Omit the pictures and reproduce the rest of the listing exactly.
○ ○ ○ ○ ○
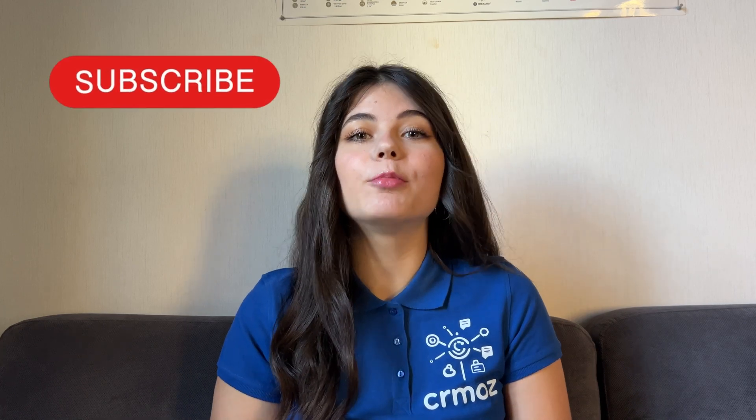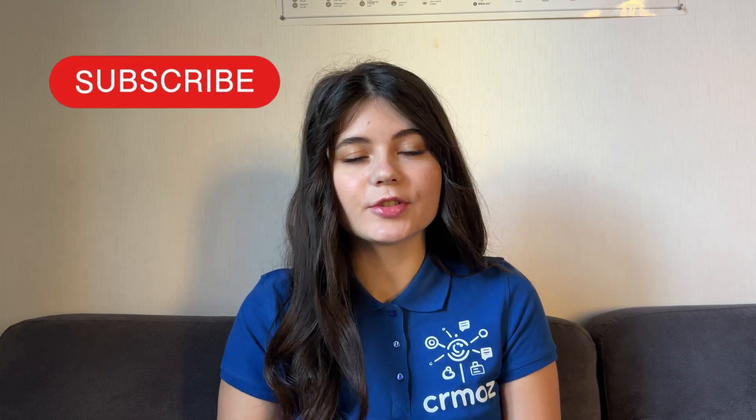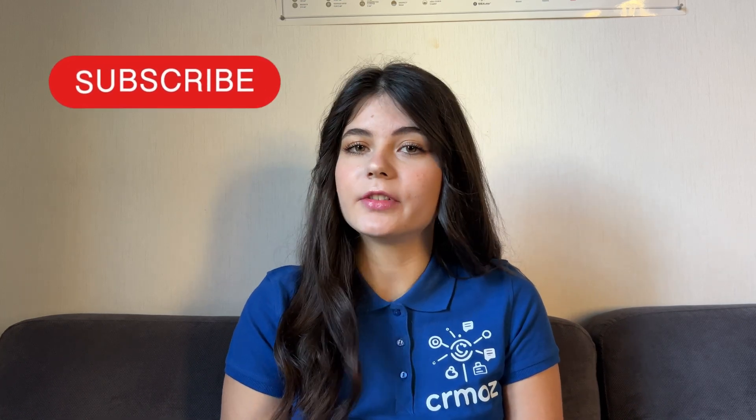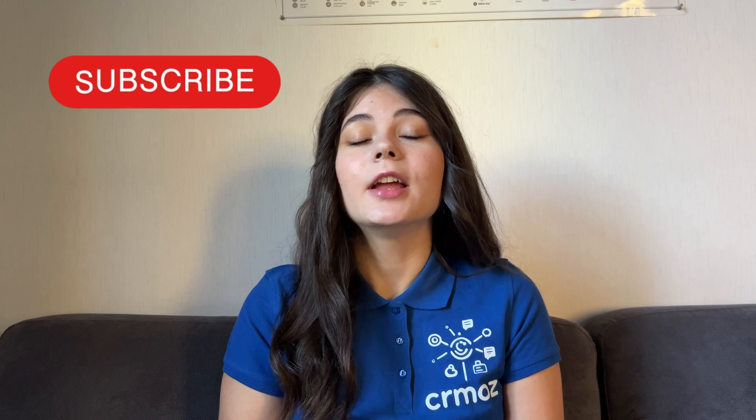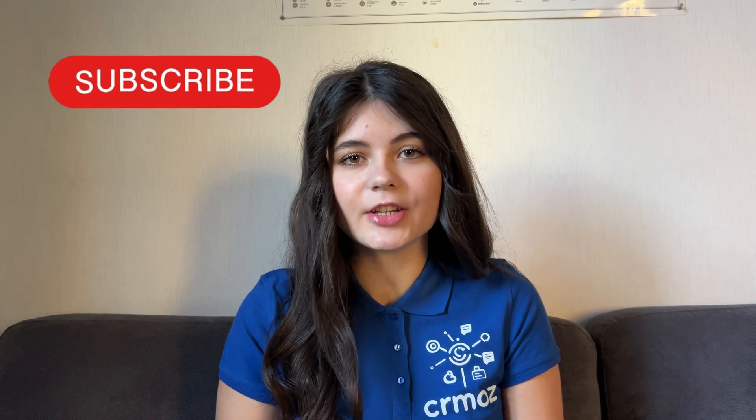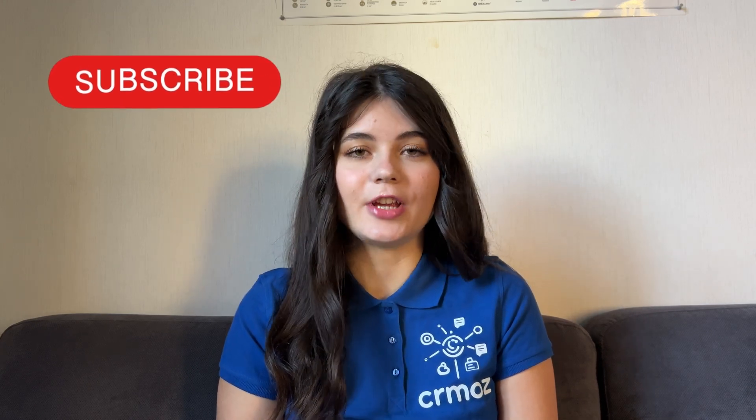Before I begin this video please make sure to subscribe to our channel and click the notification button not to miss any useful information that we share here.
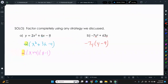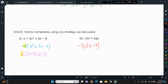Factoring is something that's going to come up for the rest of your high school math career, so we're going to spend time mastering it and then taking it to the next level. Thanks for watching — make sure to like the video and subscribe.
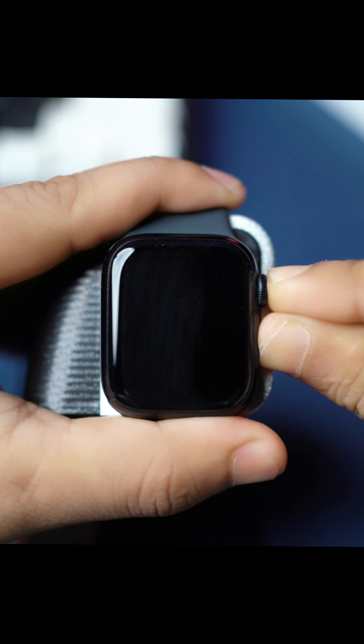Don't let go, wait till the Apple logo appears. After the Apple logo appears, let go and wait for it to restart.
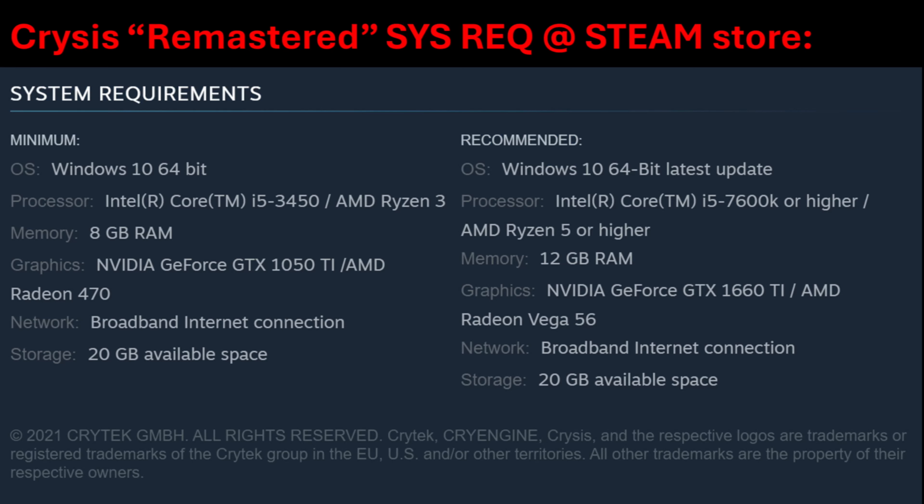But guess what — Crysis got remastered. And they admit Crysis versus Crysis Remastered is almost indiscernible. The system requirements for Crysis Remastered are now Windows 10 64-bit with an Intel Core i5-3450 minimum, recommended i7-7600. And there are huge differences on the video card and memory requirements as well.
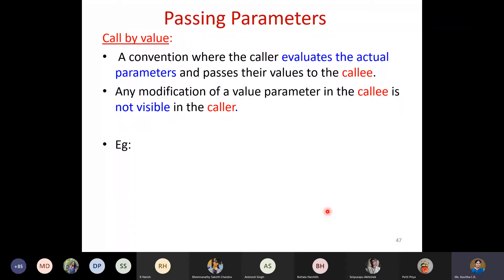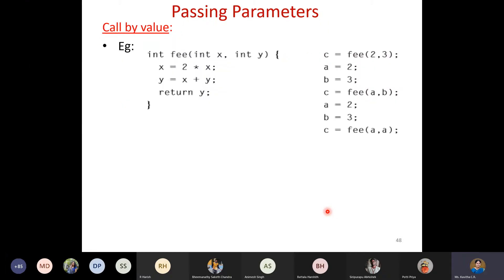Passing parameters has some conventions. One such convention is call by value, where whenever the caller calls a function, the actual parameters are evaluated and those values are passed to the callee. Any modification that happens inside the callee is not visible to the caller because it is pass by value.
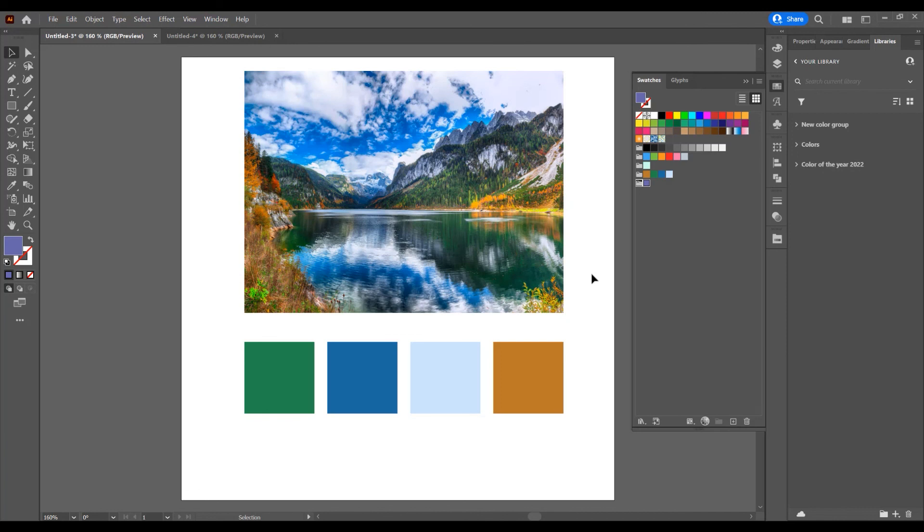This was the tutorial for how to add color to swatches and to Libraries in Adobe Illustrator. If you liked this tutorial, don't forget to subscribe to this channel for more graphic design tutorials. Thank you.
○ ○ ○ ○ ○
> _Response below_
Before I begin this video please make sure to subscribe to our channel and click the notification button not to miss any useful information that we share here.
Factoring is something that's going to come up for the rest of your high school math career, so we're going to spend time mastering it and then taking it to the next level. Thanks for watching — make sure to like the video and subscribe.
Don't let go, wait till the Apple logo appears. After the Apple logo appears, let go and wait for it to restart.
But guess what — Crysis got remastered. And they admit Crysis versus Crysis Remastered is almost indiscernible. The system requirements for Crysis Remastered are now Windows 10 64-bit with an Intel Core i5-3450 minimum, recommended i7-7600. And there are huge differences on the video card and memory requirements as well.
Passing parameters has some conventions. One such convention is call by value, where whenever the caller calls a function, the actual parameters are evaluated and those values are passed to the callee. Any modification that happens inside the callee is not visible to the caller because it is pass by value.
This was the tutorial for how to add color to swatches and to Libraries in Adobe Illustrator. If you liked this tutorial, don't forget to subscribe to this channel for more graphic design tutorials. Thank you.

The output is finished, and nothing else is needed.